The verdicts weren’t always unanimous, but Epic moved forward with the winners in twelve markets: Novo Coffee in Denver; Stauf’s Coffee Roasters in Columbus, Ohio; Rowster Coffee in Grand Rapids, Michigan; Red e Cafe in Portland, Oregon; Cultivar Coffee in Dallas, Texas; Caffe Ibis in Logan, Utah; Conduit Coffee in Seattle, Washington; EVP Coffee in Madison, Wisconsin; Misha’s Coffee in Alexandria, Virginia; Snake River Roasting in Jackson, Wyoming; Portola Coffee Lab in Costa Mesa, California; and Larry’s Coffee in Raleigh, North Carolina.

Epic has also struck a deal to do a thirteenth batch of Son of a Baptist with beans that were aged in tequila barrels by Hotbox Roasters in Longmont, a company owned by Oskar Blues Brewery.

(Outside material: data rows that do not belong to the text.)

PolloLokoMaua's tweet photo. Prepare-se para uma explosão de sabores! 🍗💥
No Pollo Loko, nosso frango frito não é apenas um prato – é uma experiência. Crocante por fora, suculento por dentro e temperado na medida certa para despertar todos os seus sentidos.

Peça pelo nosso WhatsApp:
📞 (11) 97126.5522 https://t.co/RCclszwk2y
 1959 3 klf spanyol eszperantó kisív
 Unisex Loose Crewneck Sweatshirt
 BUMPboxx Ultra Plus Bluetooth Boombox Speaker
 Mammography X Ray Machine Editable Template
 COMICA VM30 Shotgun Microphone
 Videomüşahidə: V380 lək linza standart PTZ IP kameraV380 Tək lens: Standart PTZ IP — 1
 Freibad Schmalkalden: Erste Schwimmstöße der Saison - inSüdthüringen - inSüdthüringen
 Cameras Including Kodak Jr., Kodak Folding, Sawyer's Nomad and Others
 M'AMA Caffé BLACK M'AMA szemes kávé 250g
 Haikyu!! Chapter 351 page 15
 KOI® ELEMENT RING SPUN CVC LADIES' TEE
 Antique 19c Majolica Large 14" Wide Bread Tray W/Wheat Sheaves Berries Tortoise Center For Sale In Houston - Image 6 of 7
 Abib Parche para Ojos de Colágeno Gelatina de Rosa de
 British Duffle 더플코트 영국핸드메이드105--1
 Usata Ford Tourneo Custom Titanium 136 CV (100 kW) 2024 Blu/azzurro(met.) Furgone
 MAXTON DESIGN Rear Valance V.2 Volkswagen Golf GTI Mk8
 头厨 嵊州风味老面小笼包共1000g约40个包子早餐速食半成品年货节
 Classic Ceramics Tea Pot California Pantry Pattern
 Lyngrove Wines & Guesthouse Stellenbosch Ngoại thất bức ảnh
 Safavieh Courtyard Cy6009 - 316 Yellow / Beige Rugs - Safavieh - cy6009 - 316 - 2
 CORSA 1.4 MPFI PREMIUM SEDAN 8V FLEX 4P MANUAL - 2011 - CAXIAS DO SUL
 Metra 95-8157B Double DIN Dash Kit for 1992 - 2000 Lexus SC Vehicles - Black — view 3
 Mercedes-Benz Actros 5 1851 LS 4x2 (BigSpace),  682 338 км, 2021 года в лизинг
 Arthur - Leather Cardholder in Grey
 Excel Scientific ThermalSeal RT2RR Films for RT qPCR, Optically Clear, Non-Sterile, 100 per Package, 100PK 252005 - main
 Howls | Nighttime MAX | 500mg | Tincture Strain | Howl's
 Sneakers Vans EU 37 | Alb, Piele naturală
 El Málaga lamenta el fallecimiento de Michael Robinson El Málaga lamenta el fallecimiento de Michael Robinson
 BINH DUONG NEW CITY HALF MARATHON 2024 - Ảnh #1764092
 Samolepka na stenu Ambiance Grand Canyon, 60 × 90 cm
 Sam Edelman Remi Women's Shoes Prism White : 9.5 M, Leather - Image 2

So far, Epic has brewed ten to thirty barrels of most of these and distributed them in kegs for bar and restaurant accounts in each market — so that the areas around Columbus, Ohio, for example, have the Stauf’s version. Epic also brewed about sixty barrels of the Colorado batch, which has been packaged in 22-ounce bomber bottles and is currently available for sale around Denver.

The eventual goal is to make larger batches of each version of Son of a Baptist this fall, can them and distribute them in the corresponding market, although McGregor says some of the markets have asked if they can try some of the other batches as well. It’s likely that the tap room in Denver may host some events at which coffee beer fans will be able to try and compare multiple versions.

All of the information about each batch — including details about the roaster and the specific beans that were used — will be available online so that drinkers can read about them.

Although the logistics of making twelve batches of a similar beer with twelve different roasts and then distributing each in a different market has been complicated, it has also been fun, McGregor says. And Epic has the ability to do it more easily than some other breweries.

“We are neither large nor small, as a brewery. We are somewhere in the middle, and we are embracing that with this project,” he explains. In addition, since Epic has two breweries, one with a ten-barrel system in Utah and one with a twenty-barrel system in Denver, the company has a lot of flexibility when it comes to brewing schedules and the size of each batch.

And Epic might make things even more complicated by adding new roasters in some of its markets. “There are lot of roasters we want to work with,” McGregor says.

“It’s been education. It really has,” he adds. “We thought we had a pretty good coffee education because of Big Bad Baptist, but we are realizing there was a lot we didn’t know.”